Work request:
The answer must consist solely of the lines below starting at the one containing "rare - photo 46" and ending at the one containing "Infiniti Q30 превью 17", repeated exactly, with both ends included and all pictures omitted.

[Collected data entries]
* * * * *
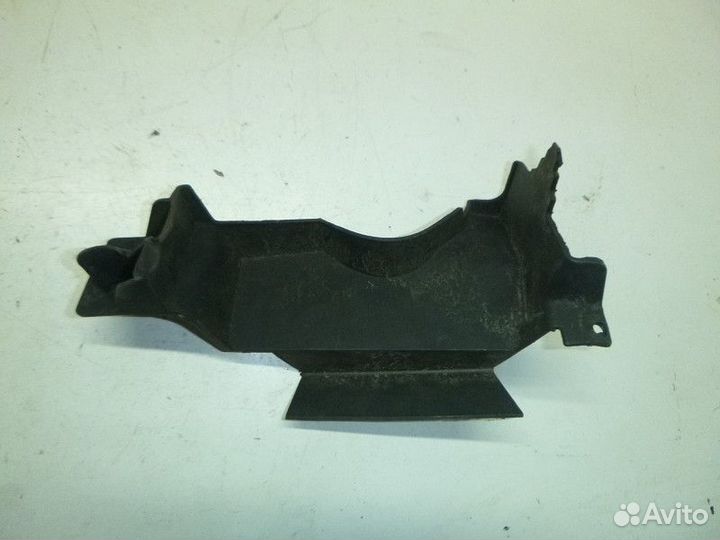 Дефлектор радиатора левый renault sandero 2014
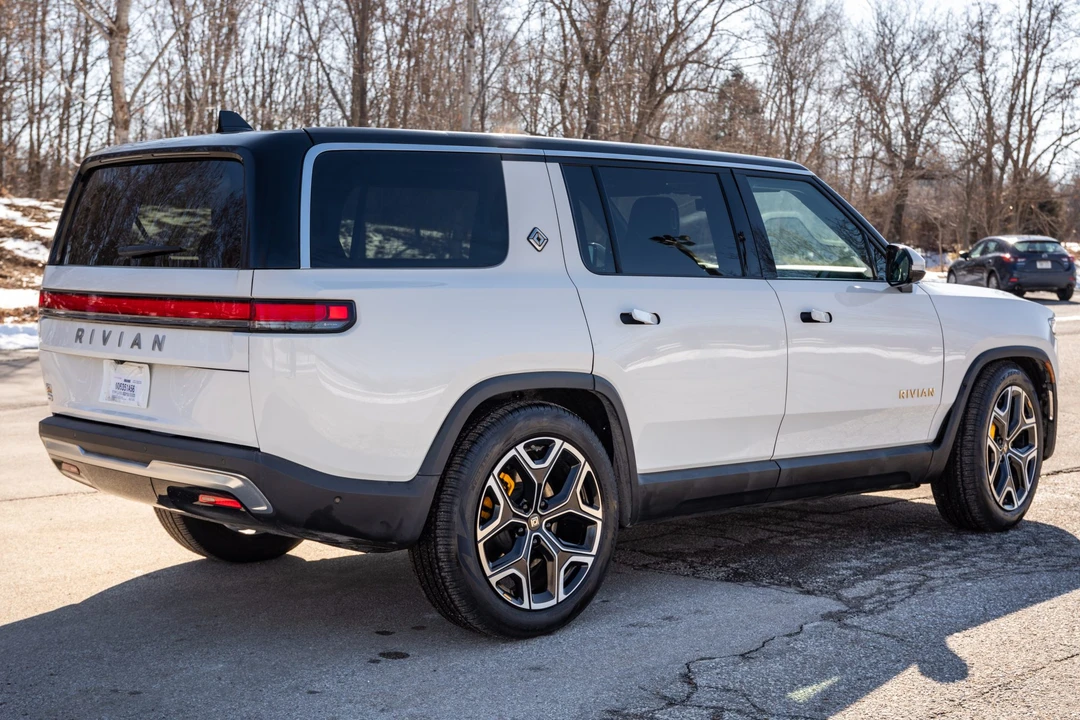 2022 Rivian R1S - Image 6 of 31
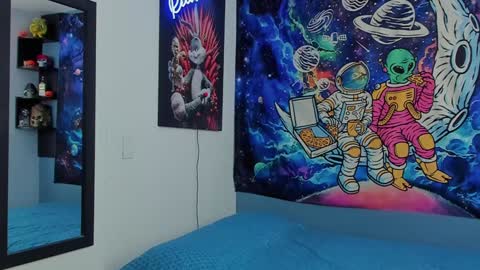 Snapshot of wexx_ chatting on February 1, 9:29 pm wex online show from February 1, 9:29 pm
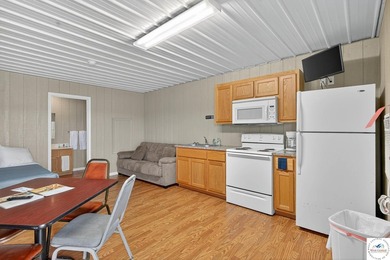 ? Bucksaw Resort & Marina - Truman Lake, Clinton, MO A rare - photo 46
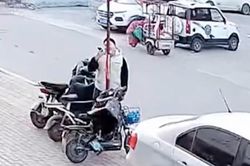 Nghịch dại, thiếu niên bị dính chặt lưỡi vào cột thép -16 độ C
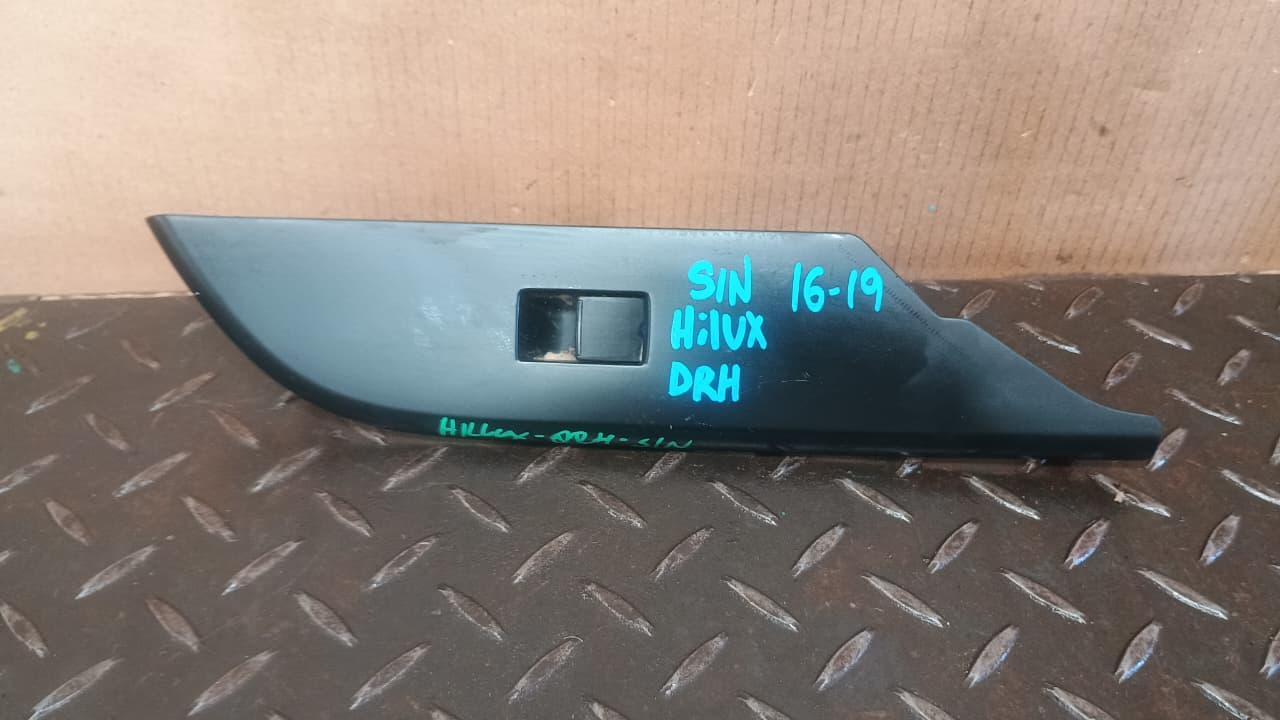 Boton alzavidrio unitario delantero derecho toyota hilux 2016 2017 2018 2019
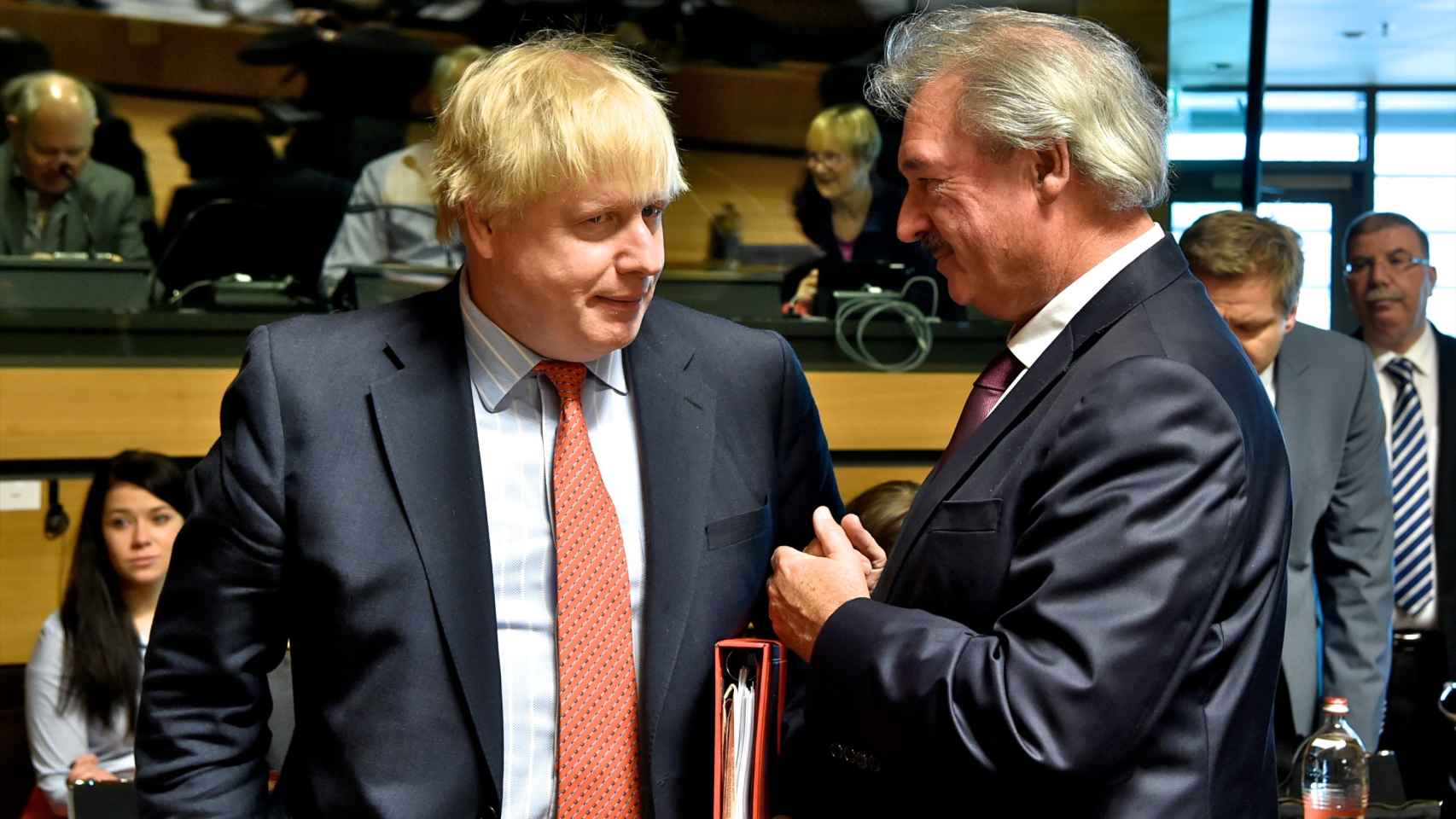 Boris Johnson conversa con su homólogo luxemburgués
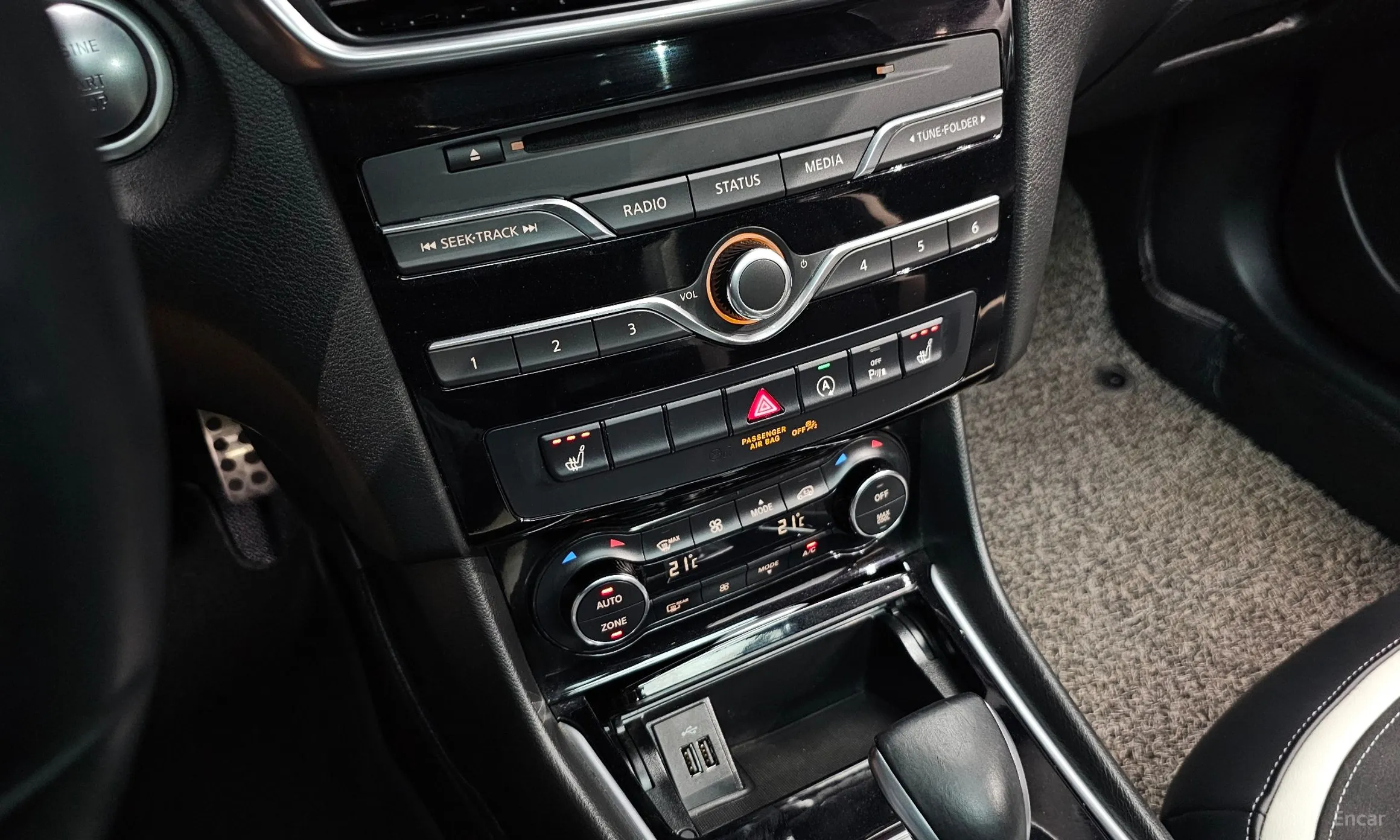 Infiniti Q30 превью 17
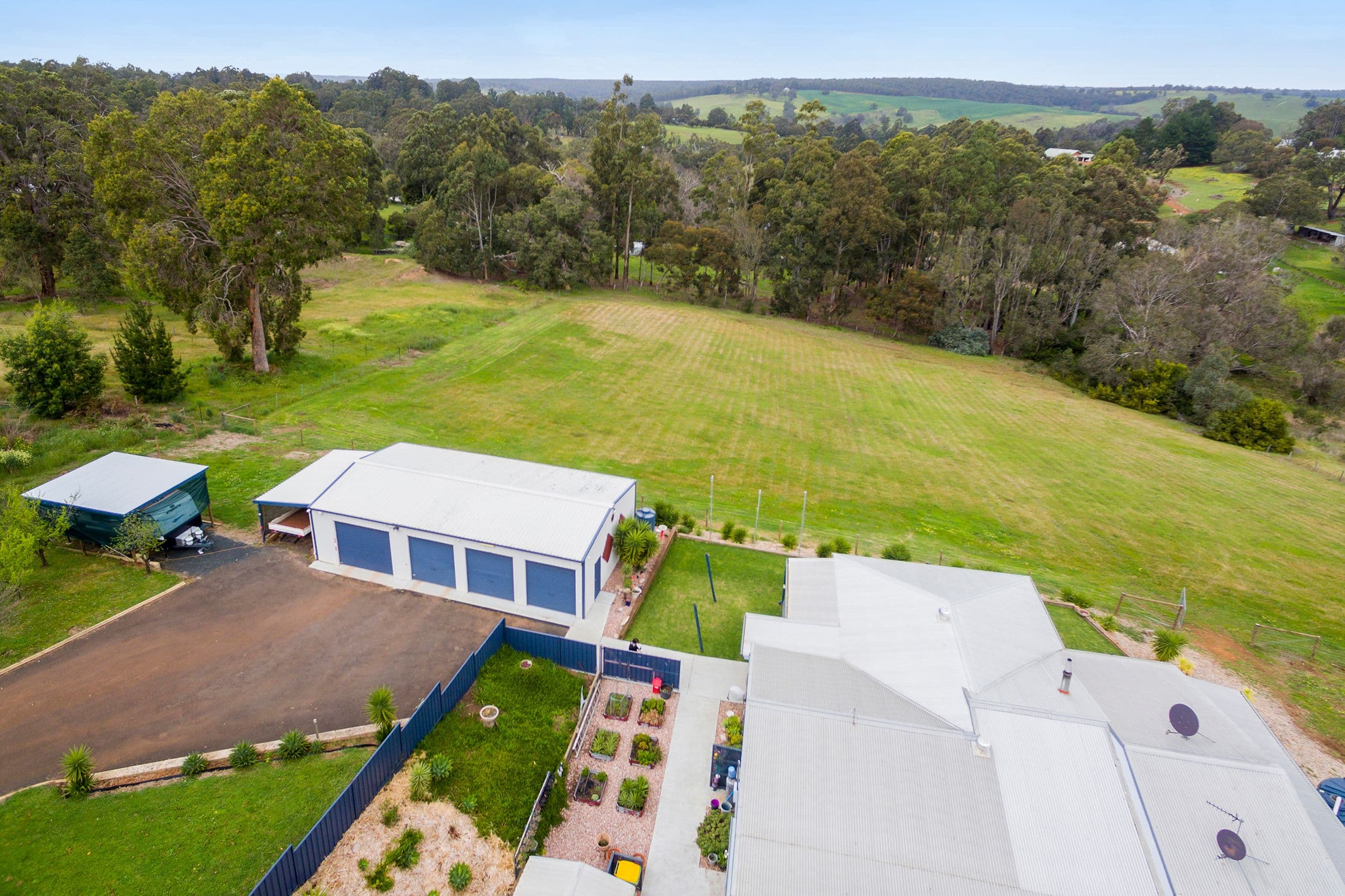 17 McLarty Street, Bridgetown WA 6255, Bridgetown - Thumbnail 2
* * * * *
Result of this task:
 ? Bucksaw Resort & Marina - Truman Lake, Clinton, MO A rare - photo 46
 Nghịch dại, thiếu niên bị dính chặt lưỡi vào cột thép -16 độ C
 Boton alzavidrio unitario delantero derecho toyota hilux 2016 2017 2018 2019
 Boris Johnson conversa con su homólogo luxemburgués
 Infiniti Q30 превью 17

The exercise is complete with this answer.